If your client has not yet addressed their broader digital accessibility obligations, this is an opportunity to help them understand the scope. Many municipalities are still in the early stages of inventorying their digital assets and developing compliance plans. Being the contractor who helps them navigate that process — not just for your deliverables but for their overall digital footprint — creates significant goodwill and positions you for additional work.
Week 10–11: Process and Future-Proofing (Days 11–1)
Establish Ongoing Monitoring
Compliance is not a destination you reach on April 24. It is a maintenance commitment. Before the deadline arrives, establish the monitoring process that keeps your deliverables conformant going forward.
Set a recurring schedule for automated rescans — monthly at minimum for active sites, quarterly for stable deliverables. Define a process for reviewing scan results, triaging new issues, and remediating them within a specific timeframe. Document the schedule and the process as part of your standard operating procedure.
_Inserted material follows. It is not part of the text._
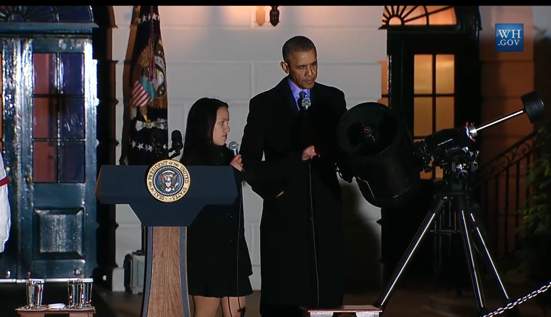 Tổng thống Obama hào hứng ngắm sao cùng Nhà Trắng ảnh 3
If your contract includes a maintenance or support agreement, incorporate accessibility monitoring into it explicitly. If it does not, consider proposing an accessibility maintenance addendum to your client. This creates recurring revenue for your business while providing your client with ongoing compliance assurance — a genuine win for both parties.
Update Your Bid Materials
Every RFP you respond to from this point forward should reflect your accessibility capability. Update your standard proposal language to include your WCAG testing methodology (automated and manual), your remediation workflow, your documentation process (the audit defense log), and references to past accessible work.
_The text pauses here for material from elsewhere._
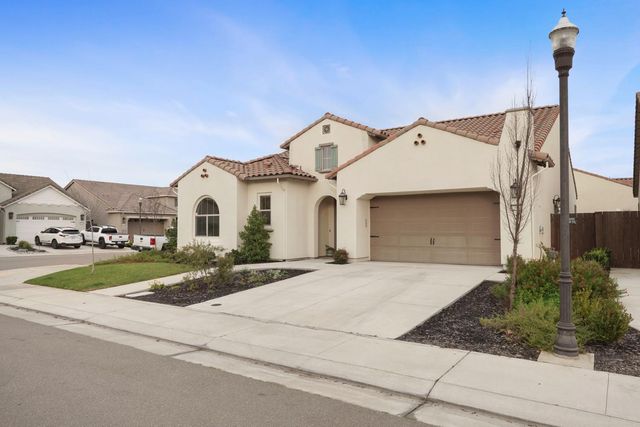 1824 Azalea St, Lodi, CA 95242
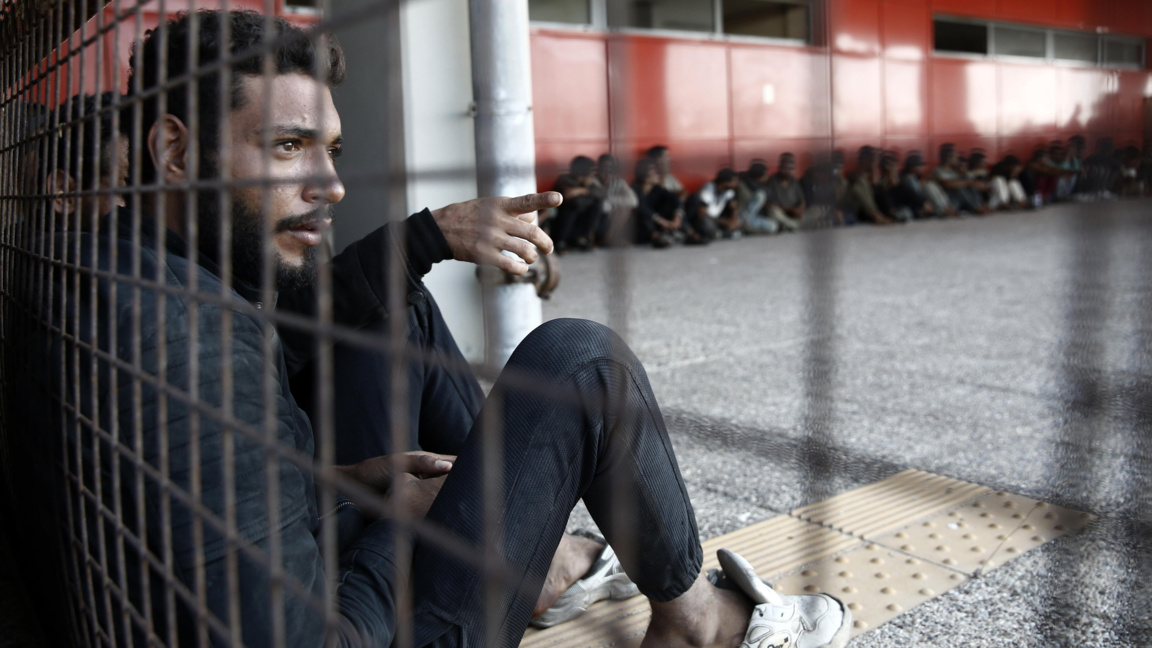 Над 500 бежанци и мигранти, които са спасени в Крит, са били транспортирани с товарен кораб и чакат на пристанището Лаврио, Гърция, архив, юли 2025 г.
If an RFP includes accessibility requirements — VPATs, warranties, indemnification — your response should address each one specifically rather than generically. Reference the tools you use, the standards you test against, the documentation you provide, and your approach to ongoing monitoring. Include a sample audit defense log or summary from a past project if you have one.
In a procurement environment where accessibility is becoming a gatekeeper, the contractor who responds with evidence and specificity will consistently outperform the one who responds with vague commitments.
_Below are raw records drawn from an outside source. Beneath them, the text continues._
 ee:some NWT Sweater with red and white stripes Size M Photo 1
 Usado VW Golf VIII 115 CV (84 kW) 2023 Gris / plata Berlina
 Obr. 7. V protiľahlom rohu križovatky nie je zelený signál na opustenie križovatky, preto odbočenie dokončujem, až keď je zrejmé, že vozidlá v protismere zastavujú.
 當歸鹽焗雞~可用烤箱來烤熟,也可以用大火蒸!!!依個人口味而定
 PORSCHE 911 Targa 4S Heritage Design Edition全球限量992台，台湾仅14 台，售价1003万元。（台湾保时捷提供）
Prepare for the Post-Deadline Landscape
After April 24, the municipal digital accessibility market changes permanently. Municipalities that missed the deadline will need emergency remediation. Municipalities that achieved compliance will need ongoing monitoring and maintenance. New projects will require accessibility from day one as a standard deliverable, not an optional add-on. And the litigation pressure that has been concentrated on private businesses will begin flowing toward government entities and their vendors.
The contractors who will thrive in this landscape are the ones who built their accessibility capability before the deadline — not because a client demanded it, but because they recognized it as a core professional competency. You have 75 days. That is enough time to scan, fix, document, and establish the processes that position your business on the right side of this shift.
The deadline is not the end of something. It is the beginning of a market where accessibility competence separates the contractors who keep winning municipal work from those who stop getting invited to bid.
Start today.
This post is for informational purposes only and does not constitute legal advice. Consult with qualified legal counsel for guidance specific to your situation.